Evaluation of alumina-supported Mo carbide produced via propane carburization for the Fischer–Tropsch synthesis

Abstract

CO hydrogenation over alumina-supported Mo carbide catalyst synthesized by temperature-programmed carburization of the impregnated MoO3 utilizing H2/C3H8 feed has been investigated. Samples were prepared following a 23-factorial design with temperature, hydrocarbon composition and reaction time as the carburization factors. Catalysts were characterized using N2 physisorption, NH3 temperature-programmed desorption and solid total organic carbon (TOC) analysis. Solid-state carburization kinetics was studied in a thermogravimetric analyzer at different heating rates. Statistical analysis revealed that carburization temperature was a strong determinant of key physicochemical properties (BET, pore volume, acid site strength and concentration). Increasing the H2:C3H8 ratio in the carburizing gas reduced the acid site strength and concentration but improved overall hydrocarbon synthesis rate, olefin-to-paraffin ratio and specific activity.

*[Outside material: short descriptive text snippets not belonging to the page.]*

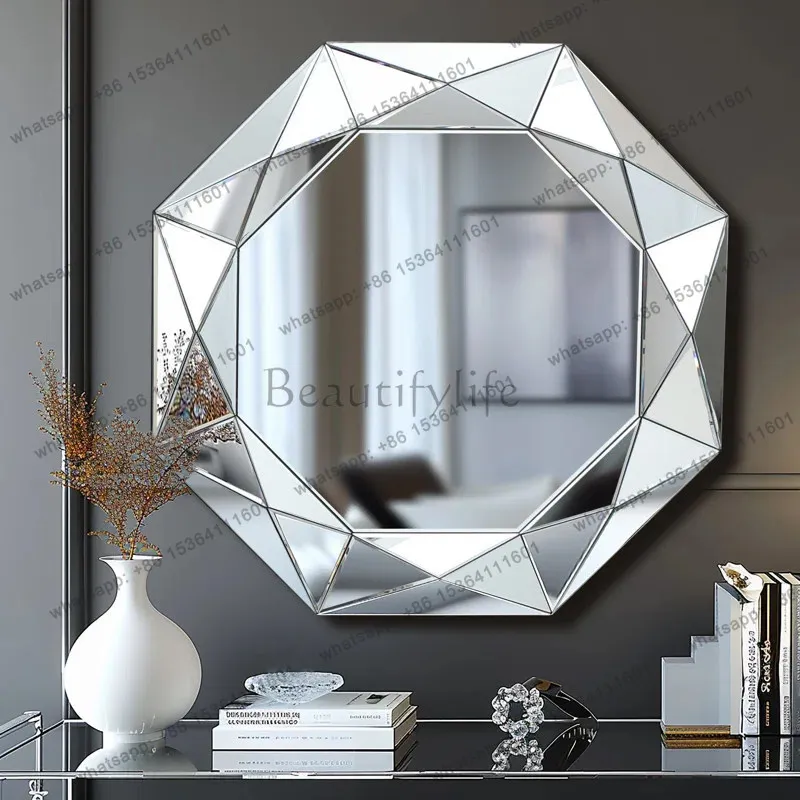 Diamond gift double-axis tinplate square small decorative mirror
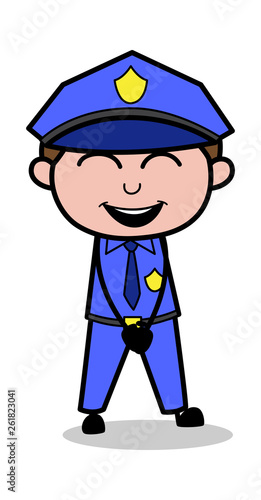 Laughing Loudly - Retro Cop Policeman Vector Illustration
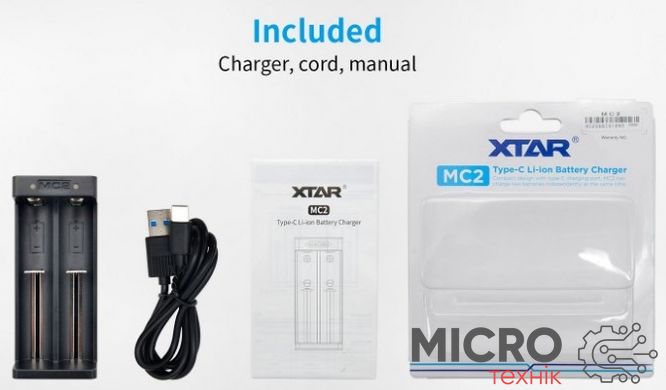Зарядний пристрій для Li-Ion акумуляторів XTAR MC2, на 2 аккумулятори 3046265 фото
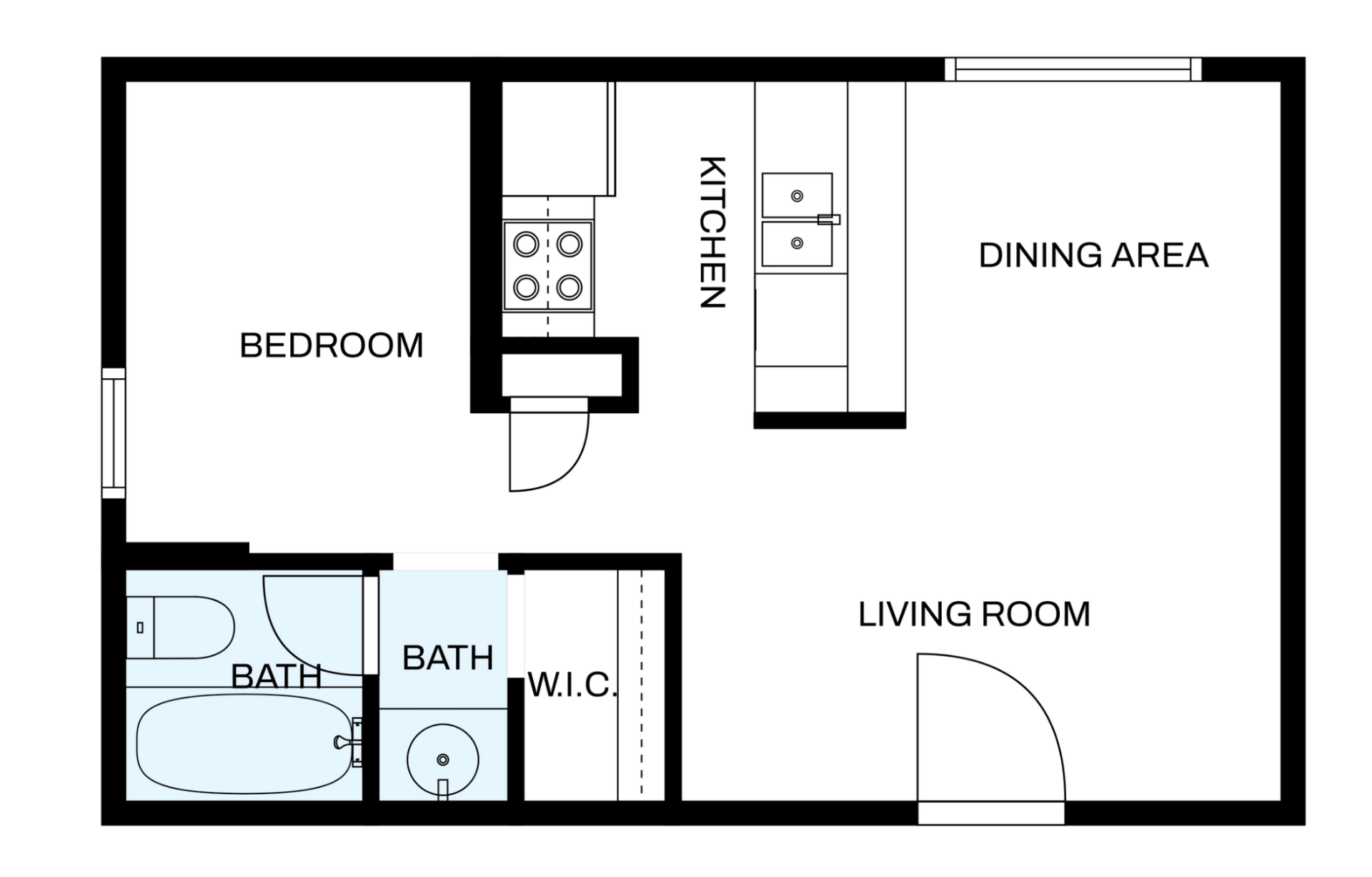 Typical 1BR/1BA unit floor plan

All catalysts possessed Lewis acid centers. The carburizing temperature was also a statistically significant factor in the determination of the FT reaction metrics. A two-stage process involving the transformation of Mo oxide to the MoC1−x carbide via an intermediate oxycarbide phase was observed. The solid-state kinetics was captured by a contracting volume model and Arrhenius treatment implicated the occurrence of a ‘compensation effect’ for the carbothermal synthesis. Although the rate-composition envelope exhibited qualitatively similar features for the entire Mo carbide class, the optimum feed composition for maximum hydrocarbon formation rate varied between 0.67 and 0.75 depending on the catalyst preparation conditions and the carbon number. The olefin-to-paraffin ratio has a reciprocal relationship to the H2 partial pressure but experienced an exponential decay with carbon number. Catalyst with 15wt.% Mo loading produced the highest hydrocarbon synthesis rate and chain growth probability.